Neuf jours après que les gardiens de prison ont entamé une mobilisation d'une ampleur rare, le conflit s'enlise: leurs syndicats ont quitté mardi la table des négociations, rejetant les propositions du gouvernement, y compris sur leurs primes.
Les trois syndicats, Ufap-Unsa (majoritaire), FO et CGT-Pénitentiaire, ont appelé à poursuivre le mouvement de blocage des établissements pénitentiaires. Cette crise des prisons est l'une des plus importantes depuis 25 ans, et un défi pour le gouvernement : après les critiques des Républicains, reprochant à la garde des Sceaux Nicole Belloubet de "ne pas prendre la mesure" de la "détresse" des surveillants, c'est de la gauche que sont venues les banderilles. Emmanuel Macron "s'est pris les pieds dans le tapis", a estimé Jean-Luc Mélenchon, chef de file de la France insoumise à l'Assemblée nationale, tandis que le député PS Luc Carvounas a qualifié Nicole Belloubet de "ministre techno" empreinte de "désinvolture".
"Déçus et frustrés"
Peu avant ces négociations avortées, le Premier ministre Edouard Philippe avait assuré devant les députés que le gouvernement était prêt à examiner des "mesures indemnitaires spécifiques et ciblées" en faveur du personnel pénitentiaire. "On repart déçus et frustrés parce que sur toute notre plateforme, on n'a pas eu le dixième des réponses que l'on attendait", a déclaré le secrétaire général du syndicat Ufap-Unsa (majoritaire) Jean-François Forget, au lendemain d'une rencontre déjà infructueuse.La prime proposée par la Chancellerie pour les agents affectés aux prisons sensibles a été qualifiée de "prime à l'agression" par les syndicats. Une "prime d'attractivité et de fidélisation", des jours fériés et des dimanches mieux rémunérés ont également été mis sur la table pour une enveloppe globale de 30 millions d'euros. "La vie d'un surveillant ne vaut pas cher !", a tonné la CGT-Pénitentiaire, qui demande la nomination d'un médiateur pour remplacer une "ministre disqualifiée".
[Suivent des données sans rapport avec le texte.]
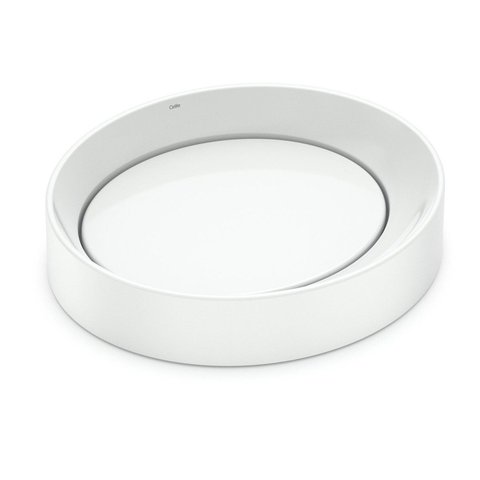 Cuba de Apoio Oval sem Mesa 450cm x 400cm Design D5 Celite Branco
"Le mouvement est plus dur qu'hier" (lundi), a reconnu la Direction de l'administration pénitentiaire (DAP), interrogée par l'AFP. Au total, 122 établissements sur 188 se sont mobilisés. En milieu de journée, dans 45 d'entre eux, le fonctionnement était affecté.
Dans 15 prisons, les gardiens ont refusé de prendre le service et les forces de l'ordre ont dû suppléer les surveillants dans 21 établissements. Dans certaines prisons, comme à Bayonne et à Pau, des agents, qui n'ont pas le droit de grève, ont posé des arrêts maladie, selon des sources syndicales.
'Difficulté du métier'
Jean-François Forget, pour l'Ufap-Unsa, a même assuré sur BFMTV que les surveillants comptaient "bloquer" le transfert de Jawad Bendaoud de la prison de Fresnes pour son procès mercredi à Paris. Un procès très attendu car il avait logé des jihadistes du 13 novembre 2015 à Saint-Denis.Du côté des détenus, le mouvement des gardiens provoque un "ras-le-bol", a indiqué l'administration. Dans les prisons de Valence et de Villefranche-sur-Saône, des équipes régionales d'intervention et de sécurité (Eris) sont intervenues après que 50 détenus ont refusé de remonter dans leur cellule. Des refus similaires ont été signalés à Metz, Laval et Varennes-le-Grand.
Depuis dimanche, une cellule spéciale a été mise en place pour évaluer la situation dans les prisons. Mardi matin, huit escadrons de gendarmes mobiles (640 hommes) ont été mobilisés pour remplacer certains surveillants ou encadrer les manifestations.
Les 28.000 gardiens de prison jugent leur profession dangereuse, mal payée et mal considérée alors que les prisons souffrent d'une surpopulation chronique.
Après l'échec de premières négociations samedi, la ministre s'est personnellement investie pour éteindre cette mobilisation, déclenchée par l'agression de surveillants dans la prison de Vendin-le-Vieil le 11 janvier et attisée, depuis, par une série d'autres incidents violents.
Deux surveillants ont été violemment mordus par un détenu et conduits à l'hôpital, mardi matin au centre pénitentiaire de Beauvais. "Je sais la difficulté de leur métier", a répété la ministre sur France 2, reconnaissant que les gardiens de prison ont notamment affaire à "une population (de détenus) plus violente" qu'avant.